Joint iEHR spending was focused on service contracts

The bulk of spending on the joint EHR proposed by the departments of Defense and Veterans Affairs went to support service contracts in 2012, according to a new report from the Interagency Program Office (IPO), the agency in charge of modernizing the Military Health System's EHR software.

The two agencies pulled the plug on that joint effort in February and the DoD has since been looking to commercial vendors for its new EHR system.

In fiscal year 2012, the IPO spent $329.2 million of its $351.9 million budget on support services contracts, including program management support and Agile development, the report states.

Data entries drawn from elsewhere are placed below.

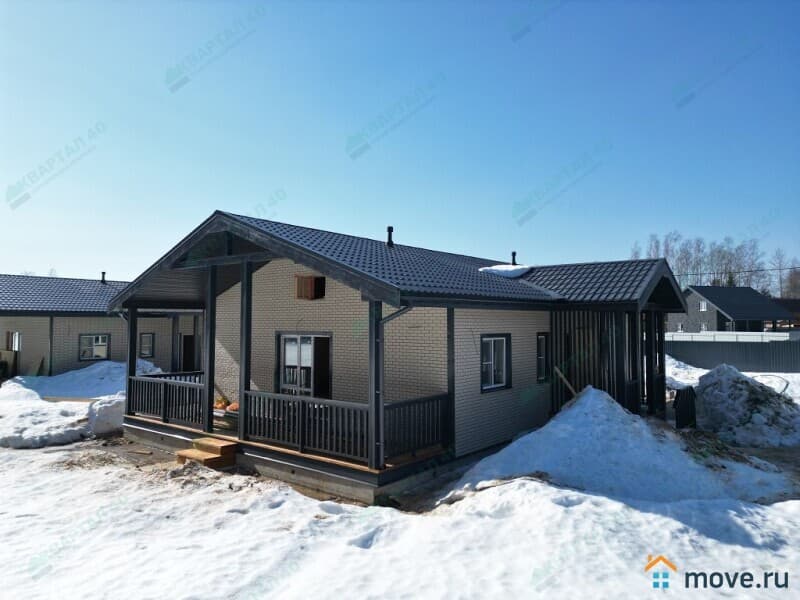 дом, 140 м&sup2;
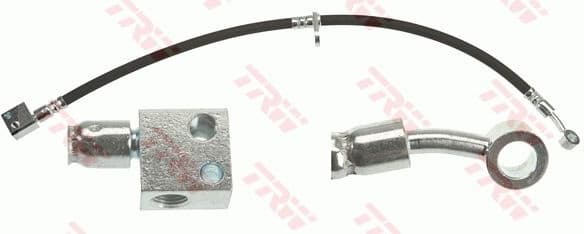 Brake Hose PHD1203 - image 2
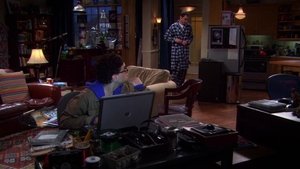 The Big Bang Theory 4 x Episodio 7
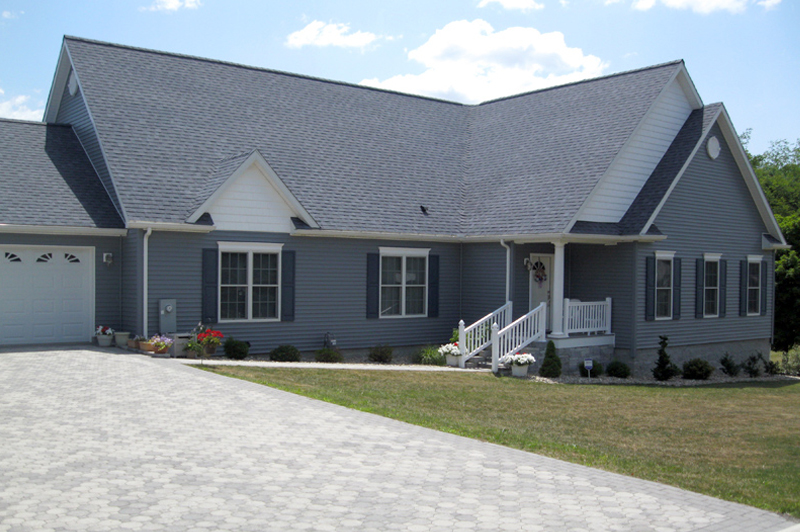 Gallery American Homes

It filled 141 of 236 open positions with permanent federal civilian workers or existing DoD employees, and employed 171 contractors.

It reported "substantial" progress on its two major projects--the iEHR and the Virtual Lifetime Electronic Record (VLER), including developing an incremental plan for iEHR deployment and the overall schedule, design and costs of the program. 

"In a dynamic and ongoing process of developing a single, integrated EHR system for the Departments, IPO  program, technical, and clinical informatics teams fully defined andscheduled joint Departments capabilities and processes for the departments' iEHR," the report says. "To meet challenges of managing the sizable and complex task of modernizing the departments' legacy health IT systems the IPO focused on building and maturing the IPO, designing the iEHR solution, exercising  governance, reducing risk to the  iEHR  program,  building iEHR technical infrastructure, and defining clinical and technical requirements."

It says it over overcame interagency coordination issues by physically placing senior staff program managers together at the IOP.

Among its challenges, it says, were combining the two agencies' business operations and policies into defined, standardized joint clinical workflows and standardizing data for the iEHR user.

A lead software designer for VistA, the VA's system, has criticized Secretary of Defense Chuck Hagel for not taking a patient-centric approach and said the DoD is "paving a road to a hellish destination" by looking to outside vendors for its EHR needs.

Meanwhile, Congress is attempting to light a fire under the two agencies by introducing legislation that would set strict timelines for seamless patient data sharing.